Elder in Residence to speak on “Being Indian in the City” on February 23 at Fort Lewis College
Elder in Residence to speak on “Being Indian in the City” on February 23 at Fort Lewis College
DURANGO, CO – Dr. Nancy Lucero will speak at Fort Lewis College on Tuesday, February 23, 2010, as part of the FLC Native American Center’s Elder in Residence Program. Dr. Lucero’s presentation, entitled “Being Indian in the City,” begins at 5 p.m. in the Center of Southwest Studies Lyceum after a reception beginning at 4 p.m. in the Center. Both events are free and open to the public.

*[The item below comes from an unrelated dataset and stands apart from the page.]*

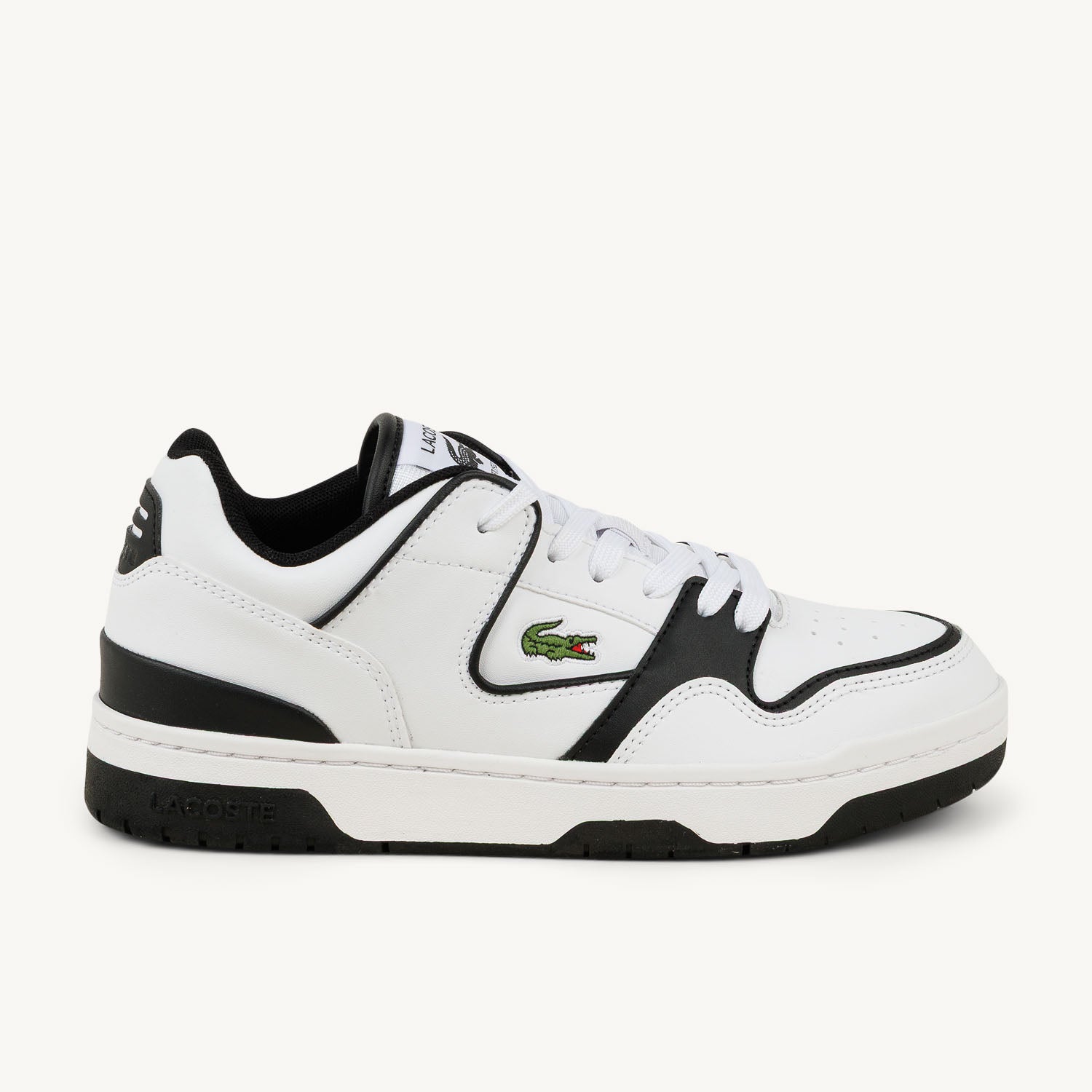 Sneakers Enfant LACOSTE COURTCAGE Blanc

Dr. Nancy Lucero is a member of the Choctaw Nation and was raised in Denver. She spent her early career as a counselor and therapist for urban Natives. After years of seeing cultural misunderstandings between Native people and non-Indian service providers, she decided to take action to help alleviate the gap-she went back to school and received the Ph.D. in Social Work. Her dissertation studied the ways that the Federal Relocation Program and living in cities like Chicago, Los Angeles and Denver have affected urban Indians’ cultural identities.
Between 1952 and the mid 1960s, the U.S. Bureau of Indian Affairs began to systematically remove Native peoples from their home communities and relocate them to the urban areas. While not entirely a positive attempt to improve Native economics, the process brought about adaptation and development. Indeed Dr. Lucero postulates that relocatees’ culture wasn’t left on the reservations, but it has stayed with them regardless of where they live. What else has gone on that makes living in an urban area work for Native people? Dr. Lucero speaks from experience, research, and education.
Currently Dr. Lucero is on the Social Work faculty at the University of Denver’s Graduate School of Social Work (they have a satellite campus here in Durango and Dr. Lucero teaches in that program).